Virginia has allowed charters since 1998, but despite some improvements, the legal and operating framework remains hostile, and today only three of Virginia’s nearly 1,900 public schools are charter schools.
Virginians note with pride the state’s historic role as a leader for quality public education. In the past two decades, Virginia has earned a reputation for its willingness to undertake bold reform with the implementation of the Standards of Learning and Standards of Quality. But in recent years, the commonwealth has lost substantial ground in both of these areas.
As its reform momentum has slowed in recent years, Virginia students have slipped backward toward national averages for student achievement, and pernicious minority achievement gaps have grown, not only in cities but in suburbs as well.
Two in five black eighth-graders here scored at woeful “below basic” levels in reading and math on the National Assessment of Educational Progress (NAEP) last year, while only one in six of their white classmates did. The record for on-time graduation rates reveals even wider gaps between black and Latino students and their white classmates. Passing rates for the Standards of Learning told a similar story.
Nationally, charters have proven to be especially effective in such areas as reversing minority achievement gaps and raising graduation rates, where they are well-suited for Virginia’s current challenges. Virginia is in the enviable position of being able to draw from the best practices of top-performing charter schools to add new options with proven track records at addressing particular educational needs.
“In order for Virginia students to have the skills needed to compete in a global economy, our educators need to have every available tool to help them improve achievement and try innovative approaches, and today that means having enhanced options to use charter schools,” observes James Dyke, who served as Gov. L. Douglas Wilder’s secretary of education.
Interest in charter schools has continued to grow across Virginia, and the number of high-quality charter applications has increased. These currently include promising charter school projects in counties including Rockbridge, Fairfax, Prince Edward and Loudoun.
Charters are contracts between the school and its authorizing agency, where students’ academic performance targets are agreed upon in exchange for limited autonomy and a bargained-down share of the per-pupil funding.
Because Virginia’s laws offer charters little operational autonomy, and no guarantee of funding levels on which to project future years’ budgets, relatively few serious applicants have chosen to make the investment of time and resources required to produce a high-quality charter plan.
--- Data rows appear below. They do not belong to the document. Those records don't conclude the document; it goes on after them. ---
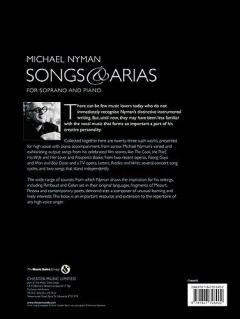 Songs And Arias For Soprano And Piano von Michael Nyman 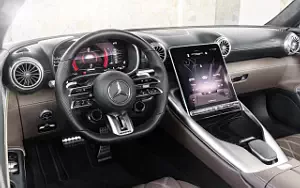 Cars wallpapers Mercedes-AMG SL 55 4MATIC+ - 2022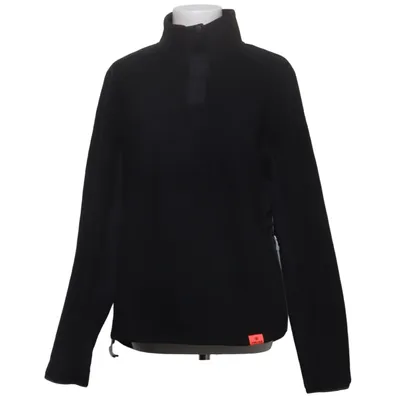 Fleece sweater (Black) from Fire + Ice Recycled polyester
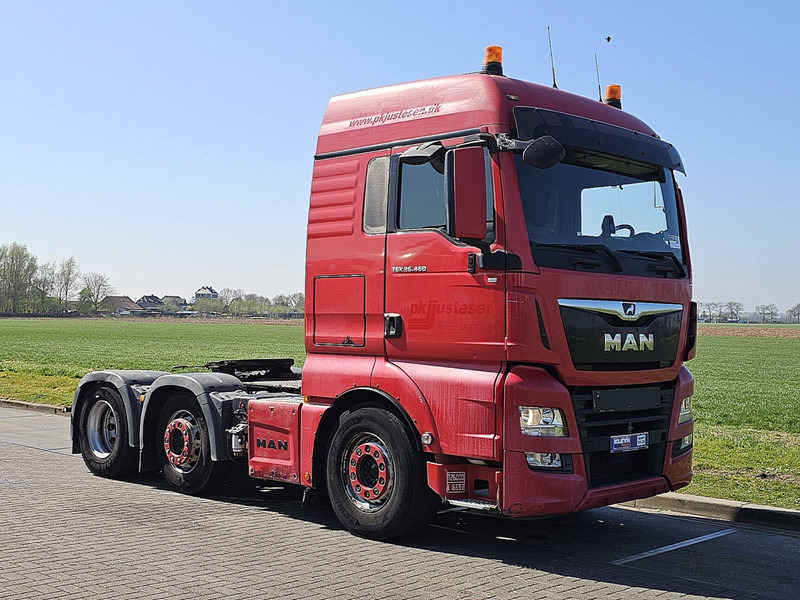 MAN 26.460 TGX XLX 6X2/2 BLS - Тягач: фото 5 MAN 26.460 TGX XLX 6X2/2 BLS - Тягач: фото 5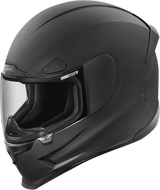 ICON Airframe Pro™ Motorcycle Helmet - Rubatone - Black - XS 0101-8037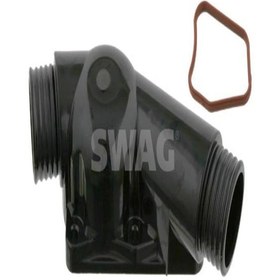 Resim SWAG 20923741 Termostat Kapagi M50 M52 (E34 E36) (Plastik) 11531722531 (WP922254)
Currently, Virginia is one of very few states where only local school boards have the authority to open and close charters. This arrangement tends to make charter deliberations needlessly confrontational, political and reliant on district office staff lacking in charter school experience. A system where charter school applicants have multiple paths to approval offers numerous advantages, and helps deter school districts from rejecting charters as a matter of policy.
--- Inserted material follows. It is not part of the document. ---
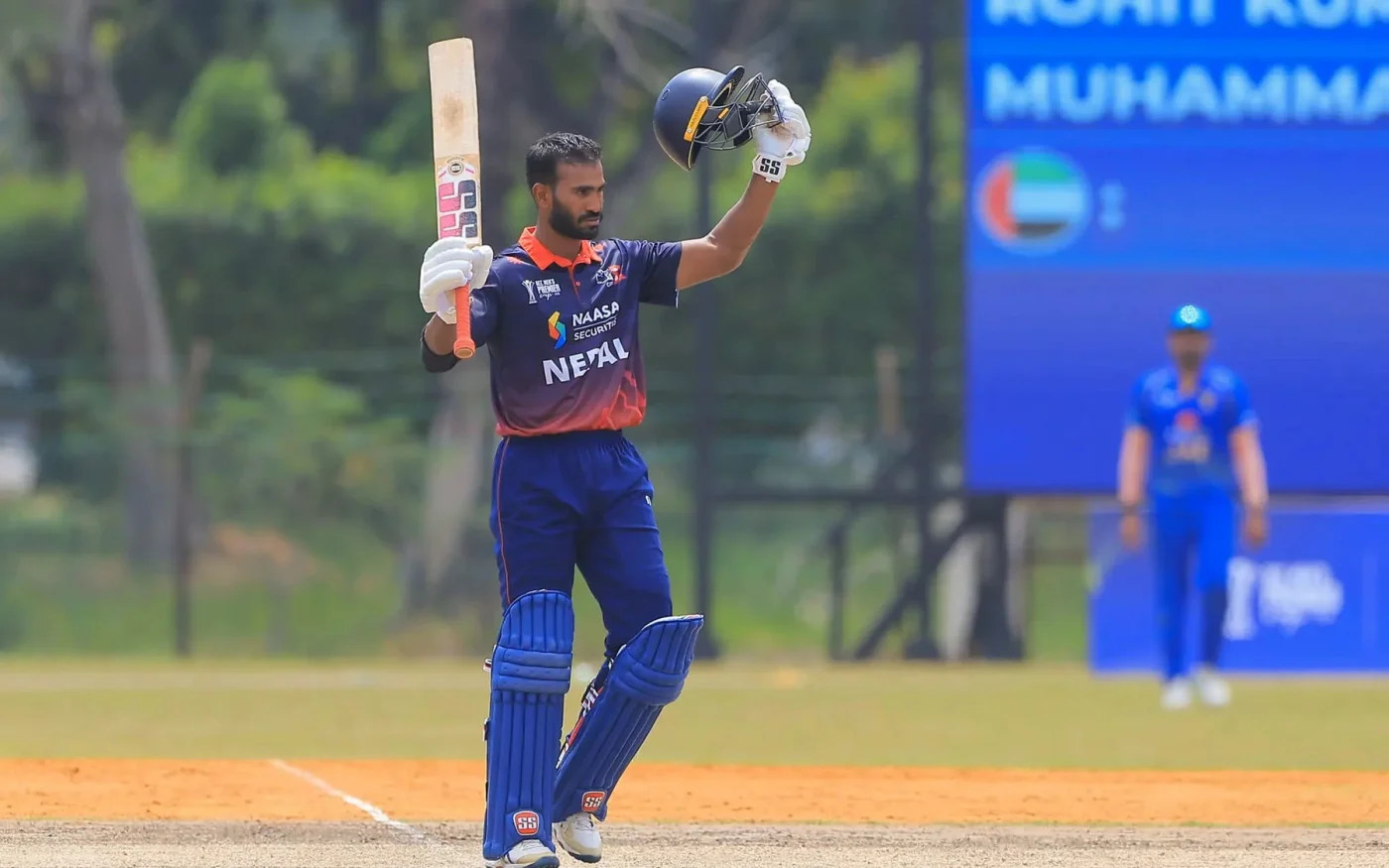 Aasif Sheikh leads Nepal to the Premier Cup title and a place in the 2027 Asia Cup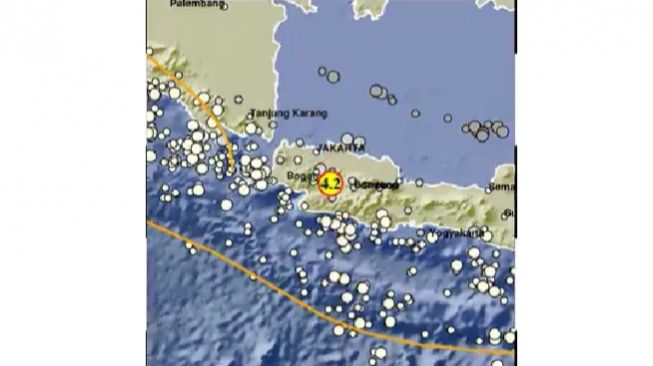 Gempa Cianjur Magnitudo 4,2 Minggu Dini Hari, Ada Suara Gemuruh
Many of the nation’s most famous charter schools have achieved their success with college preparatory schools in urban settings. But quality charters come in all shapes and sizes.
Blended online learning programs that integrate class time at computers with traditional classroom teaching are demonstrating remarkable efficiency of instruction and could be particularly effective serving families on Virginia’s military installations. The strong character education program offered by Michigan’s National Heritage Academies schools could appeal to many Virginia families.
Effective charter schools can be homegrown as well, and programs like Charlottesville-based Core Knowledge schools or Richmond’s highly successful Patrick Henry Charter School of Science and Arts could also provide valuable models.
There has been consensus among the recommendations of charter school experts and leaders when asked what Virginia would need to change to enable them to succeed here. These recommendations include:
- Empower the state board of education to review and approve charters. Alternately, a meaningful appeals process for opening and closing decisions would ensure charter leaders (and philanthropists) that their continued operation would depend more on their results than on local budget or political dynamics.
- Allow autonomy for charters to select, hire and manage their own employees.
- Provide equitable funding for charter students, and access to vacant school buildings.
Ultimately, the success in making Virginia a friendly environment for high-performing charter schools will depend heavily on the details of the plan and how it is implemented. But for now, these next steps will be the most critical.